- **Goal of the exercise**: Leaving out all images, write out the records that follow exactly.

——————————

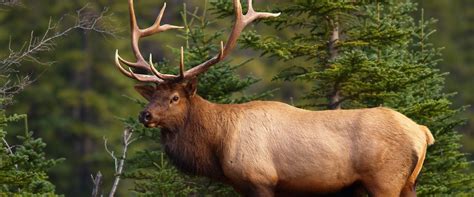 Where to See Wildlife In Banff - Discover Banff Tours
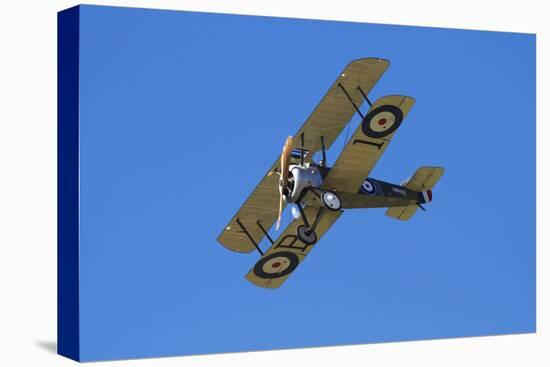 Sopwith Camel, WWI Fighter Plane, War Plane-David Wall-Stretched Canvas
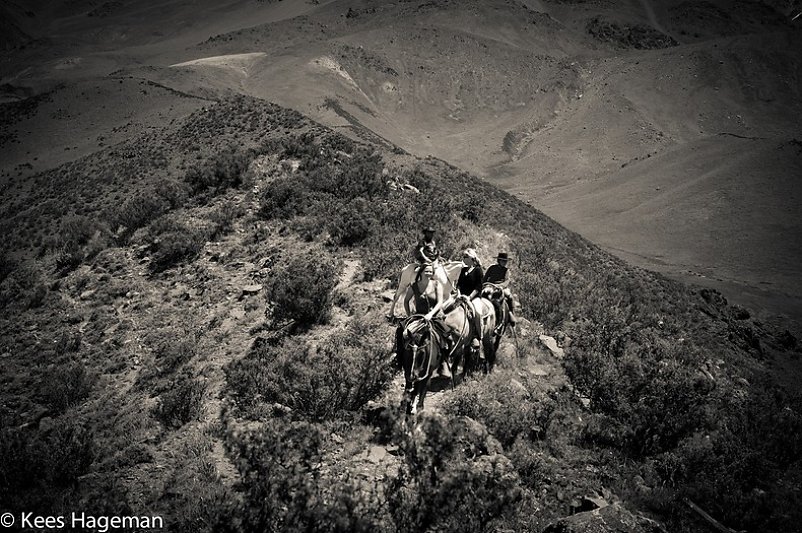 L1005313-1-BorderMaker.jpg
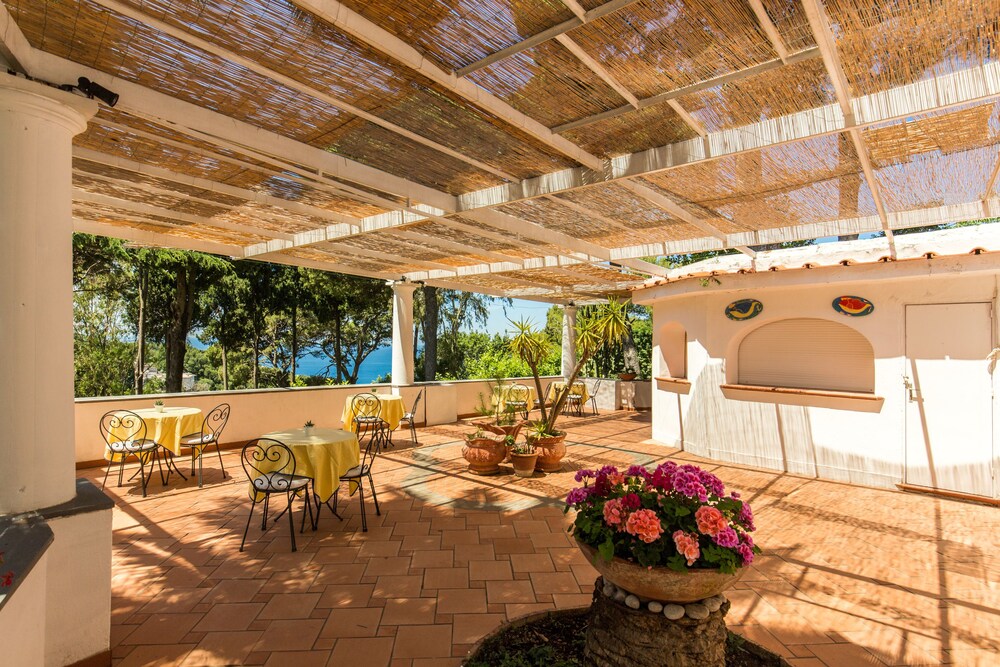Courtyard View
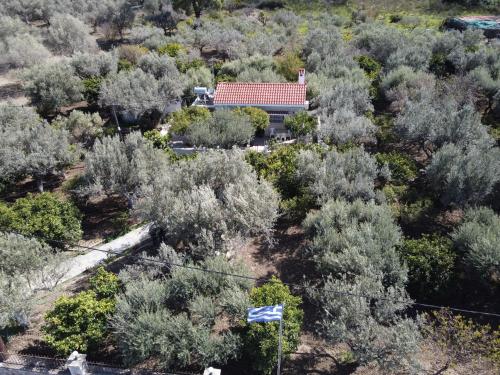 Imagine din galeria proprietății Villa Kavalino în Kolimbia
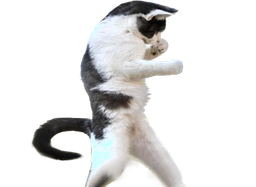 :chatfu:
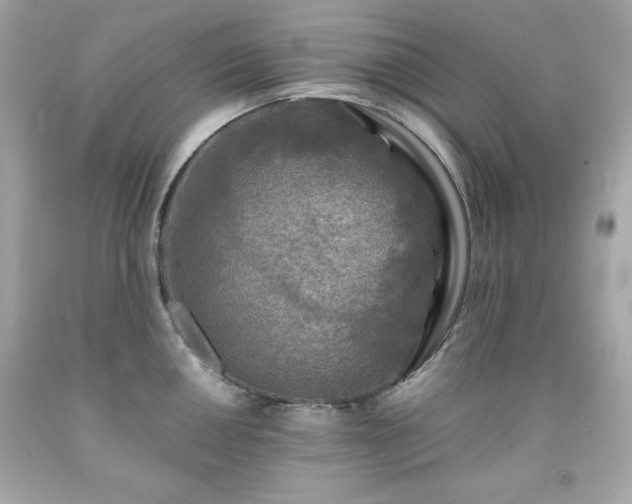 X0000091921050200709121534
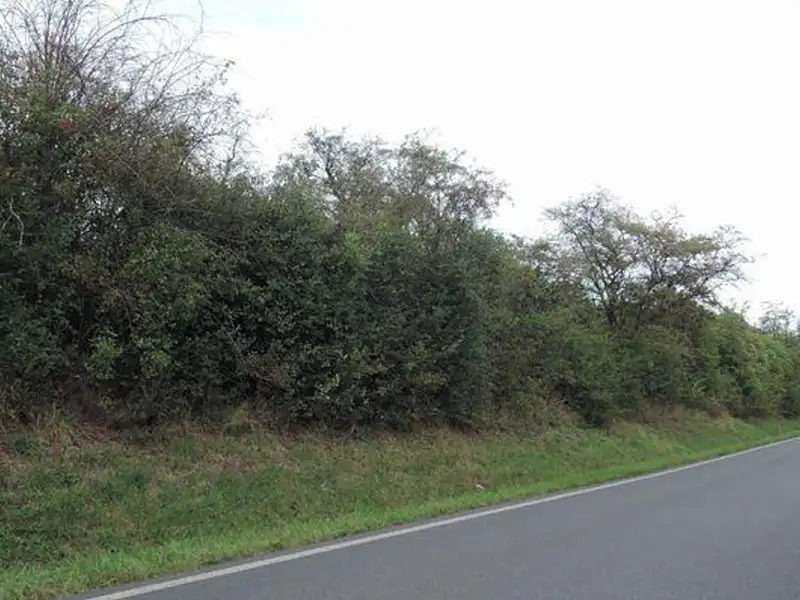 Dražba pozemku 6533 m², Třebichovice – náhled fotky 3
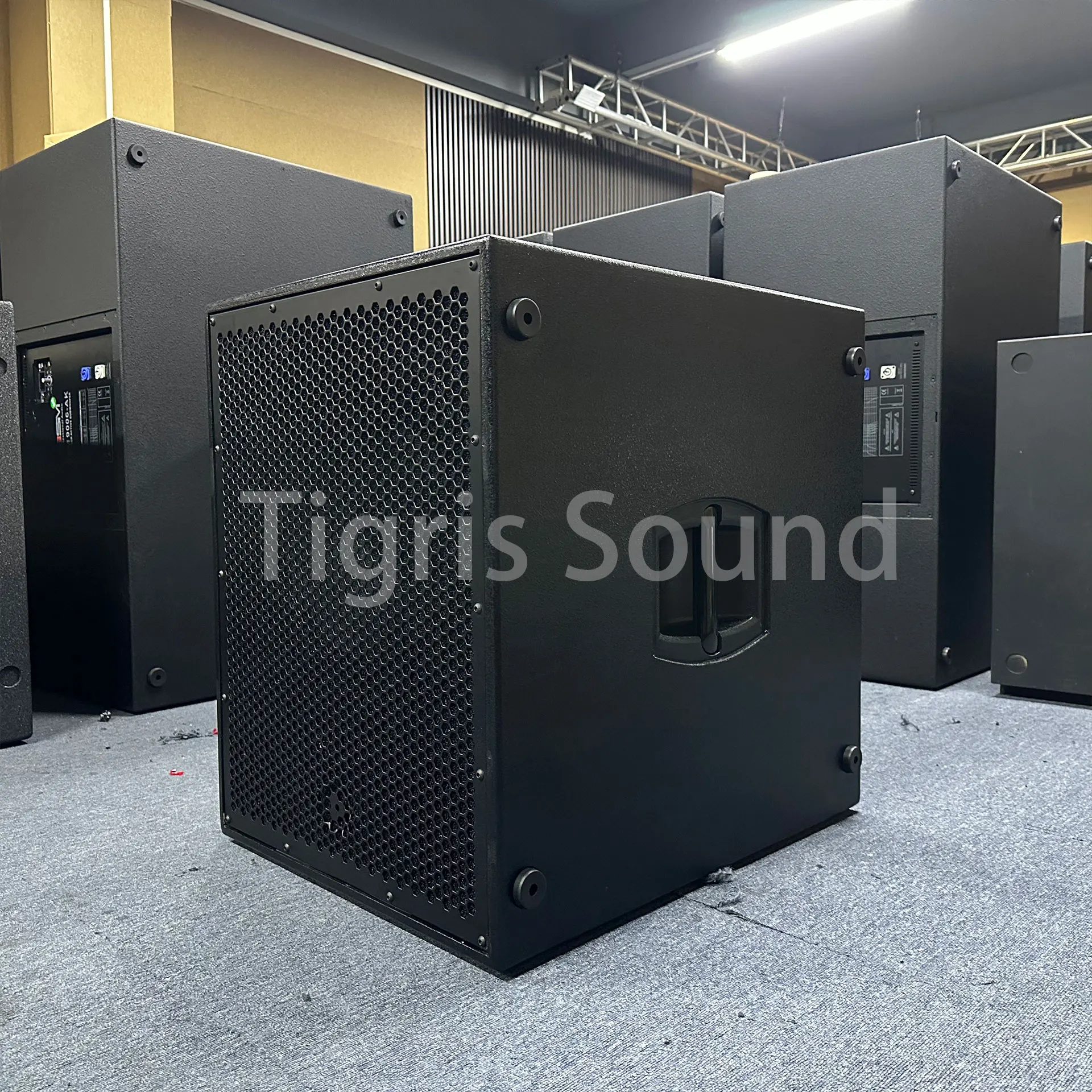8004 Compact Install 18in Active-free Loudspeaker for Multi-purpose Venue Fixed Stage Audio Solution
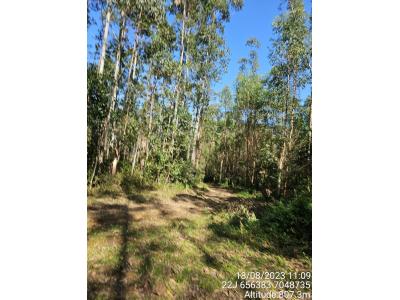 LOTE 000 - FAZENDA COM 607,58 HECTARES ,  REFLORESTAMENTO ( 90% EUCALIPTO) BENEDITO NOVO SC
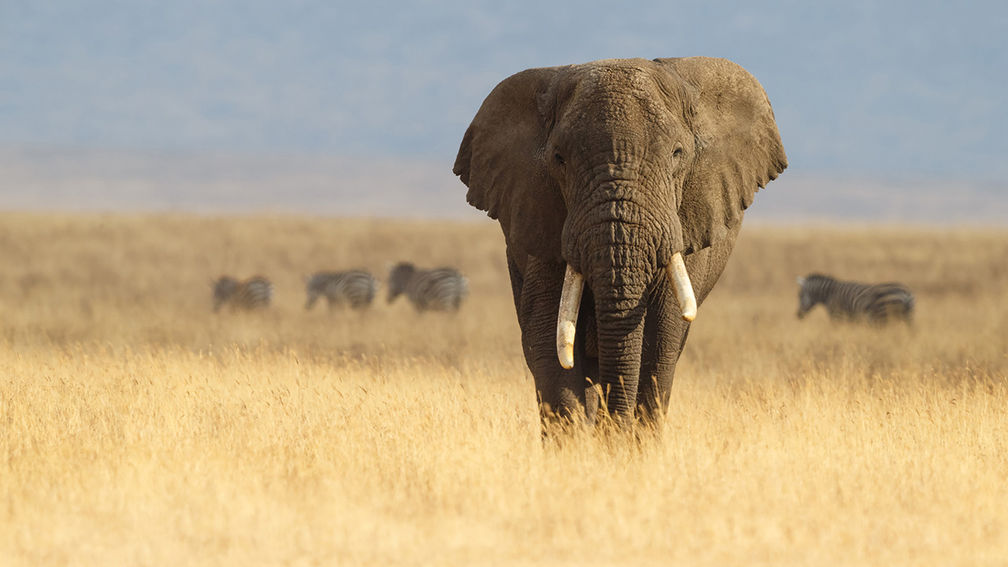 The 3 Steps to Sustainable Tourism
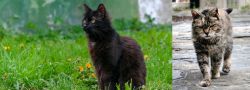 York Chocolate Cat vs Farm Cat - Breed Comparison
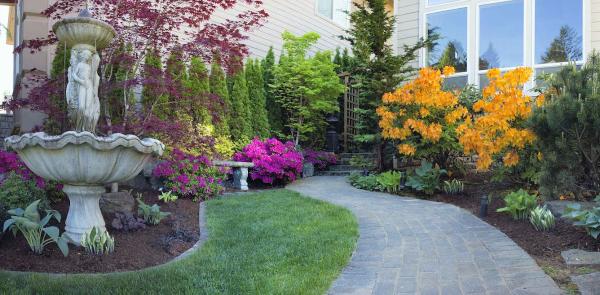 Landscaping Round Rock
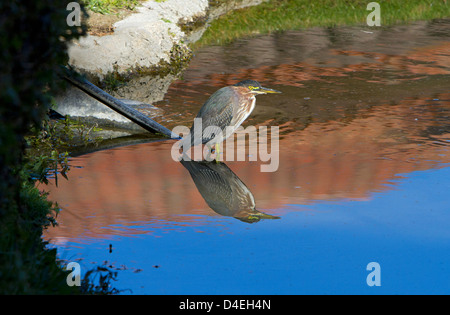 Airone verde (Butorides virescens) in piedi in bilico in un stagno di Rancho Mirage, California, Stati Uniti d'America nel gennaio Foto Stock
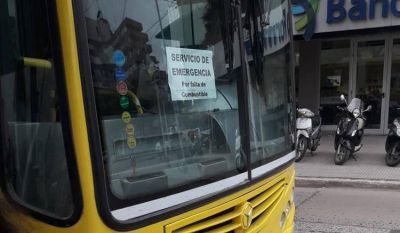 A la crisis de los precios, se suman los factores naturales que acrecientan el desabastecimiento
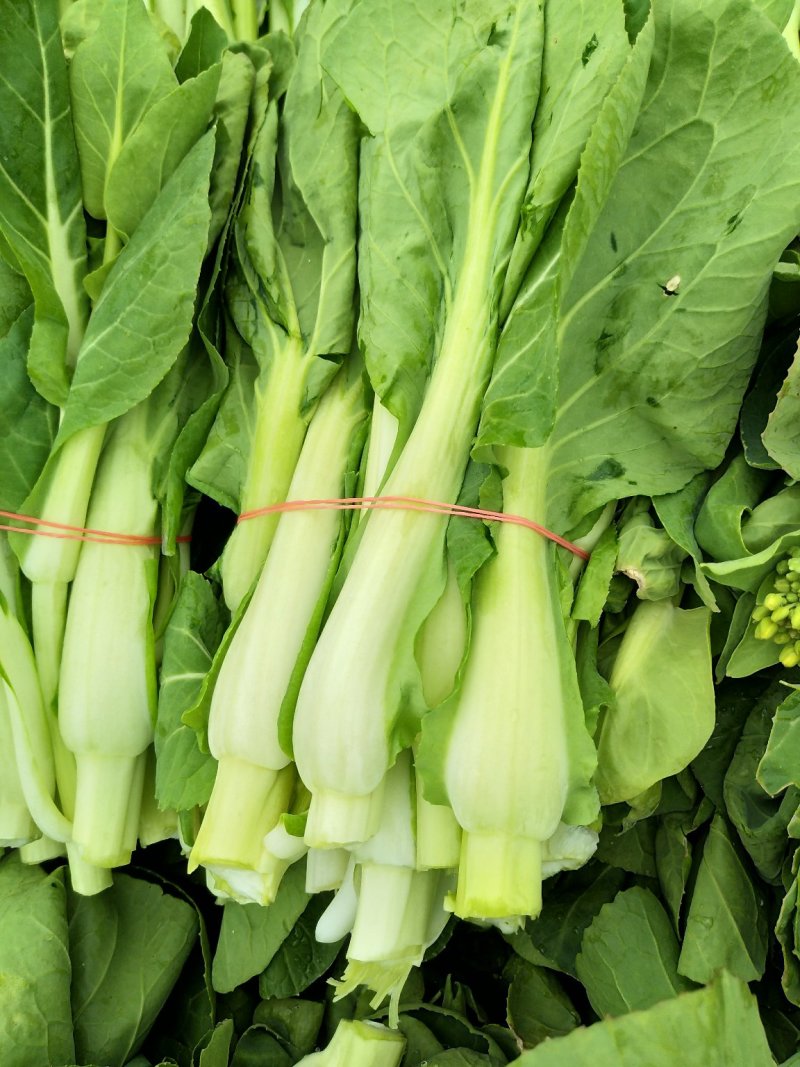 白菜苔新鲜菜苔对接电商社区团购一件代发价格实惠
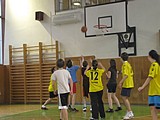 Obrázek v galerii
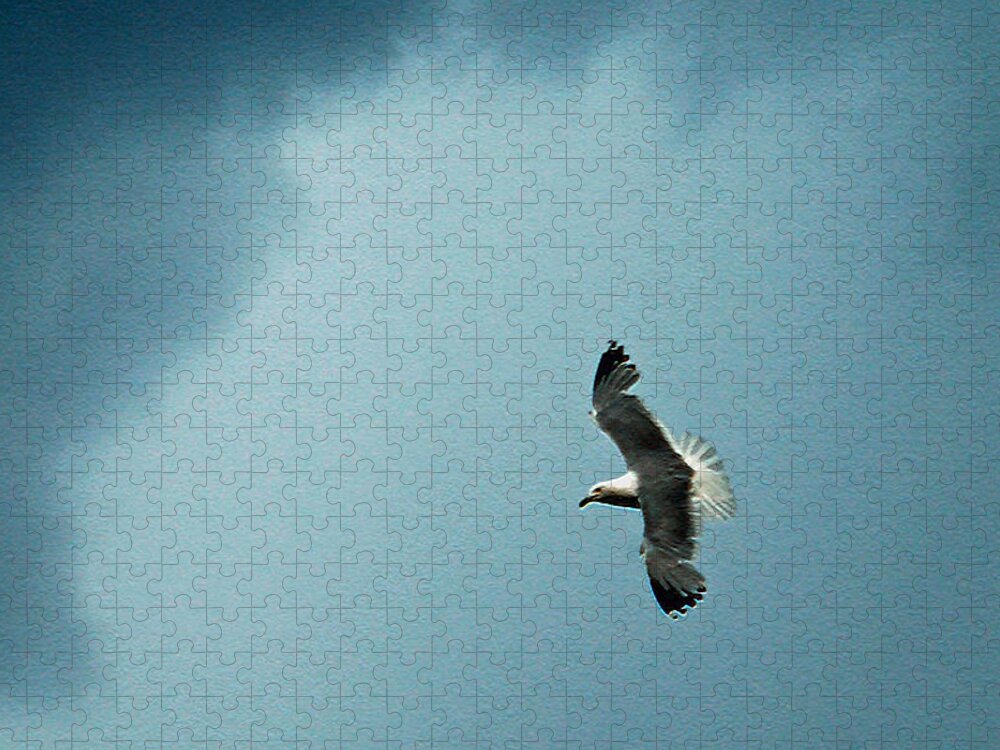 Bird Jigsaw Puzzle featuring the photograph Seagull in Flight by Aimee L Maher ALM GALLERY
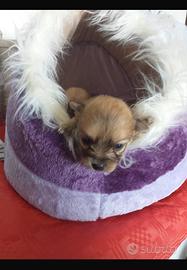 Cucciolo di spitz Pomerania piccolo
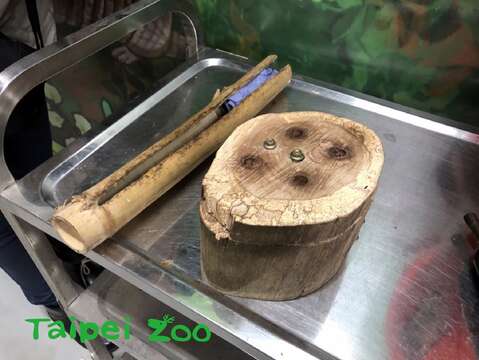 實習生為指猴製作了「麵包蟲雅房」餵食豐富化設施（右）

——————————

- **Exercise solution**:
 Where to See Wildlife In Banff - Discover Banff Tours
 Sopwith Camel, WWI Fighter Plane, War Plane-David Wall-Stretched Canvas
 L1005313-1-BorderMaker.jpg
Courtyard View
 Imagine din galeria proprietății Villa Kavalino în Kolimbia
 :chatfu:
 X0000091921050200709121534
 Dražba pozemku 6533 m², Třebichovice – náhled fotky 3
8004 Compact Install 18in Active-free Loudspeaker for Multi-purpose Venue Fixed Stage Audio Solution
 LOTE 000 - FAZENDA COM 607,58 HECTARES ,  REFLORESTAMENTO ( 90% EUCALIPTO) BENEDITO NOVO SC
 The 3 Steps to Sustainable Tourism
 York Chocolate Cat vs Farm Cat - Breed Comparison
 Landscaping Round Rock
 Airone verde (Butorides virescens) in piedi in bilico in un stagno di Rancho Mirage, California, Stati Uniti d'America nel gennaio Foto Stock
 A la crisis de los precios, se suman los factores naturales que acrecientan el desabastecimiento
 白菜苔新鲜菜苔对接电商社区团购一件代发价格实惠
 Obrázek v galerii
 Bird Jigsaw Puzzle featuring the photograph Seagull in Flight by Aimee L Maher ALM GALLERY
 Cucciolo di spitz Pomerania piccolo
 實習生為指猴製作了「麵包蟲雅房」餵食豐富化設施（右）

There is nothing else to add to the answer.